Craig Spence, International Paralympic Committee (IPC) communications director, said: "If you look at the IPC's vision it is to inspire and excite the world. It does not say anything about where that has to take place.
"Jonnie, if he were to take part in Rio, has got to make the qualification time. We would have no issue with that and good luck to him.
"We have nothing against Paralympians crossing over in to the Olympics - it has been done for a number of years now. Good luck to them, really.
"Jonnie's personal best (PB) in the 100m is 10.85 seconds. The Olympic qualifying this year was about 10.2 so he would have to knock about half a second off his PB to be able to qualify.
"If he feels he is strong enough to qualify we do think good luck to him."

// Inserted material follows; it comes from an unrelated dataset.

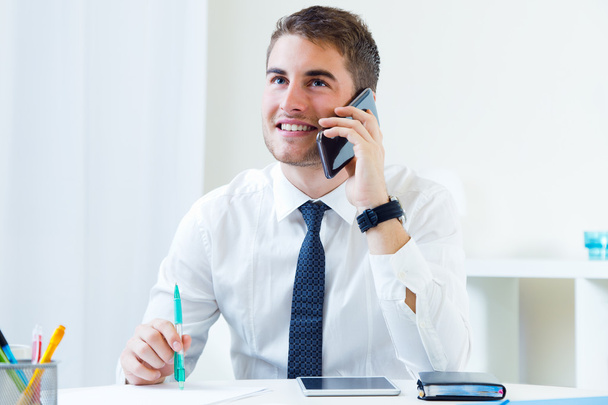 Young handsome man working in his office with mobile phone. - Photo, image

Peacock, hailed as a new superstar of the track by Olympic and Paralympic watchers, would face additional challenges if he were to line up with the world's best non-disabled sprinters.
He said: "The first 40 (metres) is going to be too slow and there's not enough time to make it back up.
"Never say never, but it would be a lot harder because of the disadvantage at the start.
"Oscar's got a 200m disadvantage at the start, but in the 100m, you don't have another 200m at the end of the race to make it up."
Polish table tennis player Natalia Partyka and South African swimmer Natalie Du Toit are among the Paralympians who have made the cross-over, ensuring they performed to a high standard in the process.
The wave of Paralympic athletes able to compete against non-disabled opponents on the big stage is an indicator of widespread improvement in performances, according to Mr Spence.
However, he added: "You have got to consider that there are certain Paralympians who cannot cross over into the Olympics.
"Jonnie is lucky that he could potentially do his event in the Olympics.
"David Weir (the T54 800m, 1,500m and 5,000m wheelchair Paralympic champion at London 2012) could not cross over to compete in the Olympics because of the nature of his injury.
"Generally around the world, if you say to somebody, 'name me a Paralympian', internationally they would always say Oscar Pistorius - that is great for Oscar but we need more than one role model to promote the movement.
"If you asked that same question in the UK before the Games, they would probably have said (11-time Paralympics athletics champion) Tanni Grey-Thompson and (swimmer) Eleanor Simmonds.
"I think if you were to ask that question of the British public now they would probably be able to say half a dozen names. Jonnie Peacock and David Weir would certainly be on that list."